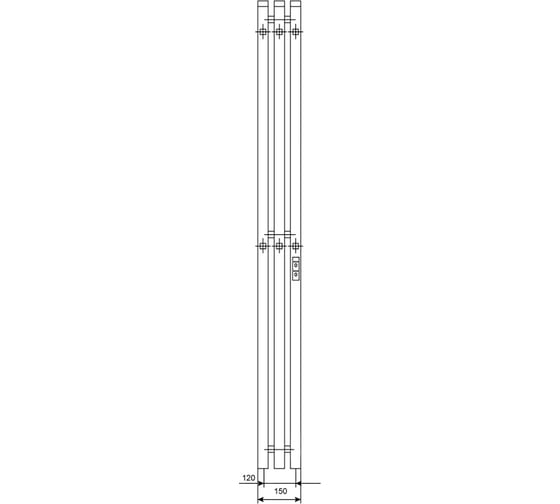 Полотенцесушитель электрический Primoclima Sol Q C E White 150х12 П3 PCSolQCEWhite150123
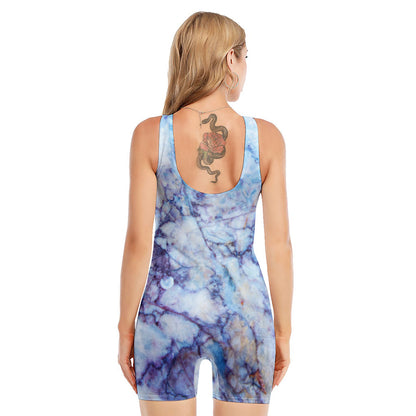 Blue Marble Print Sleeveless One Piece Swimsuit
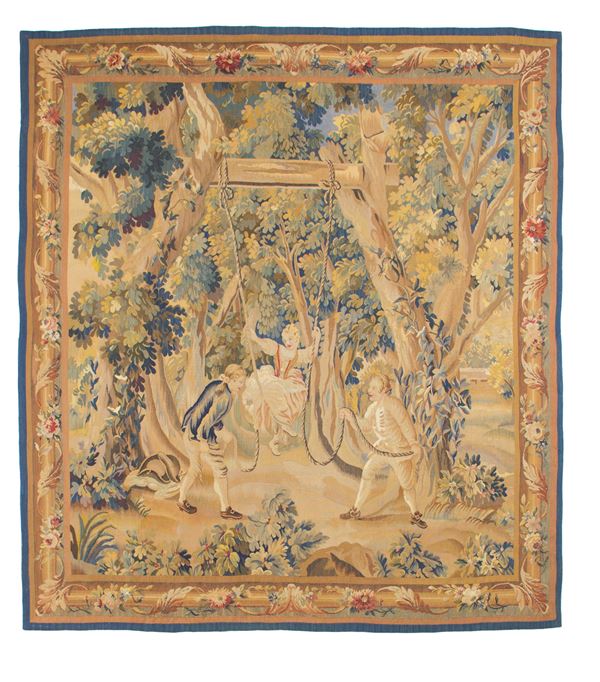 Aubusson tapestry in wool and silk. France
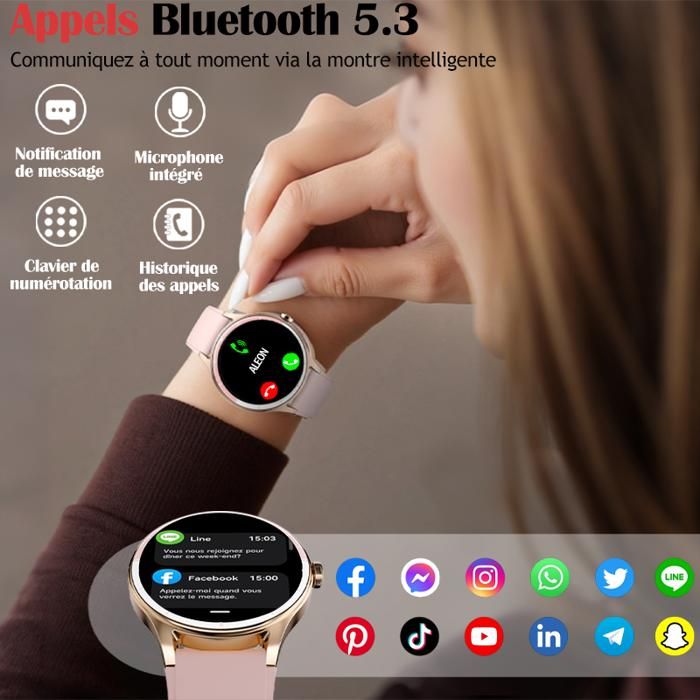 Ontre Connectée Fee Avec Appel Bluetooth,Etanche Sartwatch Avec Fonction Féinine/Fréquence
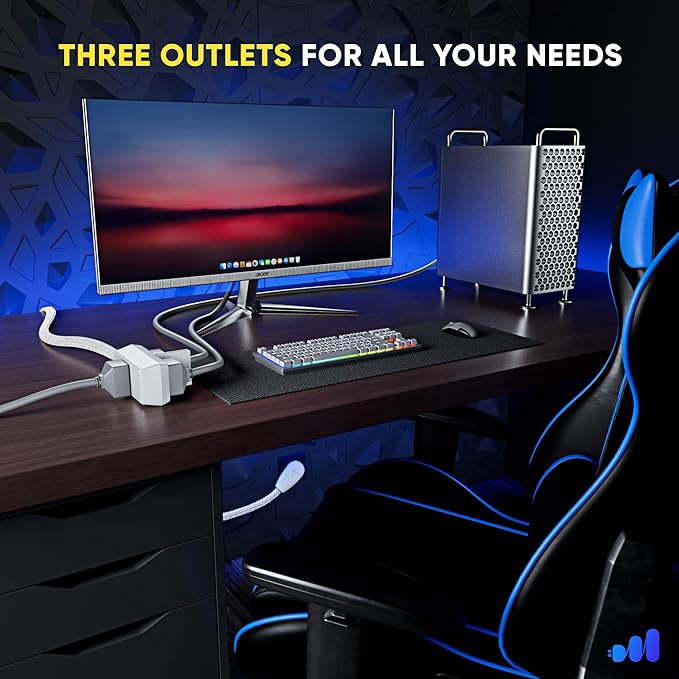 Maximm 1 Ft Extension Cord, 2 Prong, 360° Rotating Flat Plug, UL Certified, Light Gray – Space-Saving Indoor Power Cord for Tight Spaces, Polarized, Braided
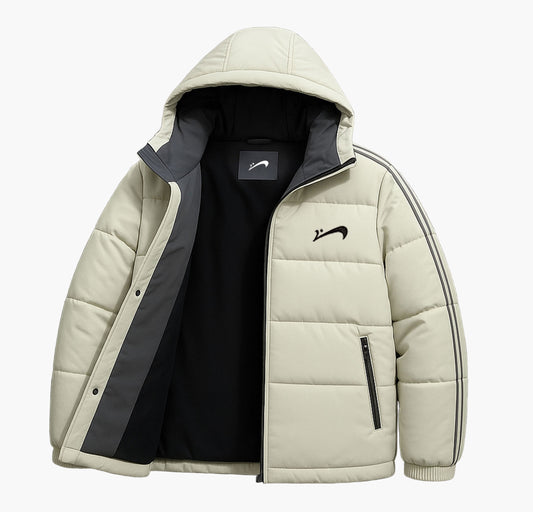 Men’s Thick Winter Hooded Jacket – Striped Padded Coat with Zipper & Belt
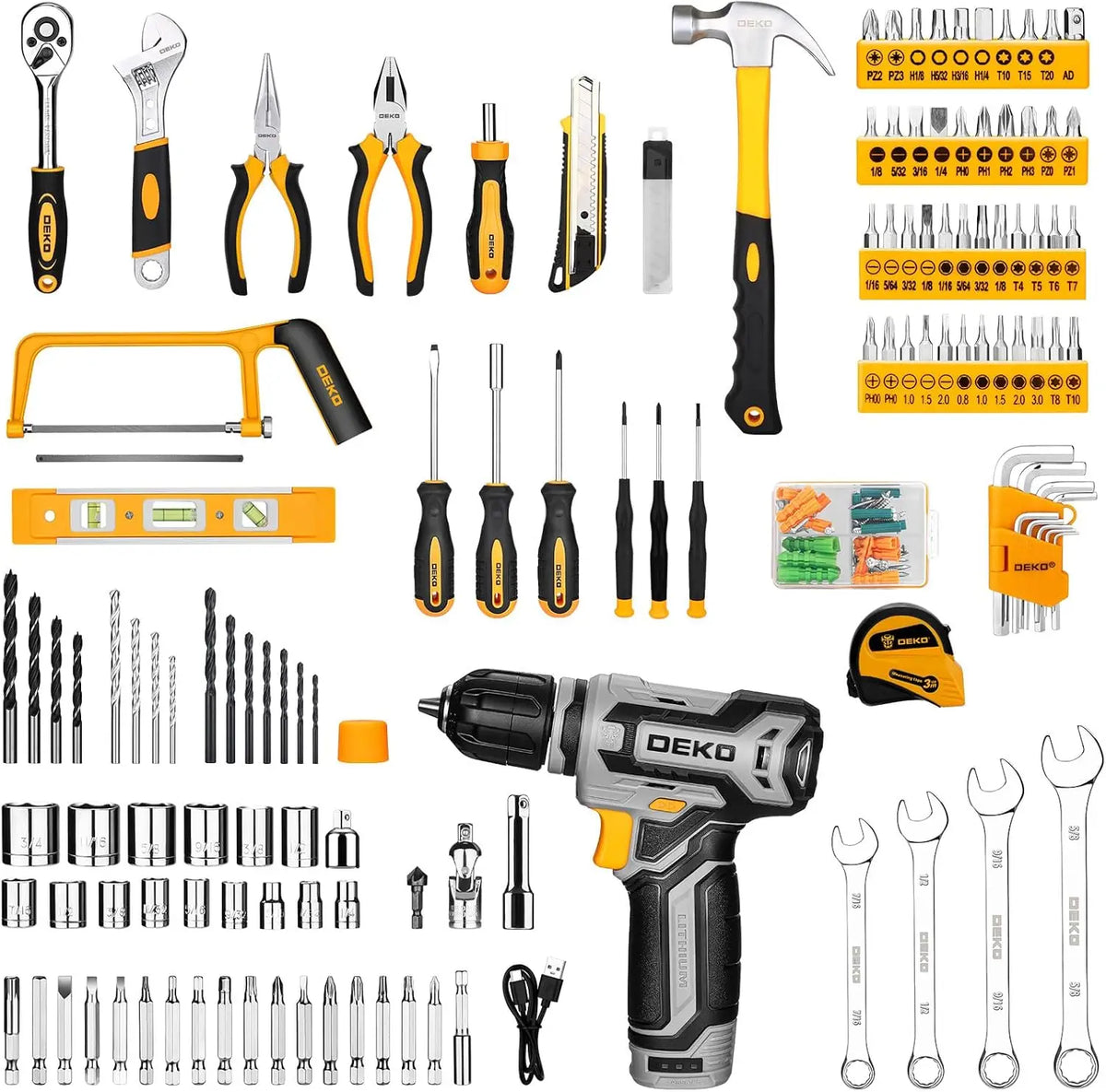 DEKO 12V Cordless Drill Toolbox With Storage Organizer Case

■ ■ ■ ■

#### TO DO
Skip the pictures and quote each line of the entries above, from the first through the line with "Men’s Thick Winter", exactly as it appears.

#### WRITTEN RESPONSE
 Полотенцесушитель электрический Primoclima Sol Q C E White 150х12 П3 PCSolQCEWhite150123
 Blue Marble Print Sleeveless One Piece Swimsuit
 Aubusson tapestry in wool and silk. France
 Ontre Connectée Fee Avec Appel Bluetooth,Etanche Sartwatch Avec Fonction Féinine/Fréquence
 Maximm 1 Ft Extension Cord, 2 Prong, 360° Rotating Flat Plug, UL Certified, Light Gray – Space-Saving Indoor Power Cord for Tight Spaces, Polarized, Braided
 Men’s Thick Winter Hooded Jacket – Striped Padded Coat with Zipper & Belt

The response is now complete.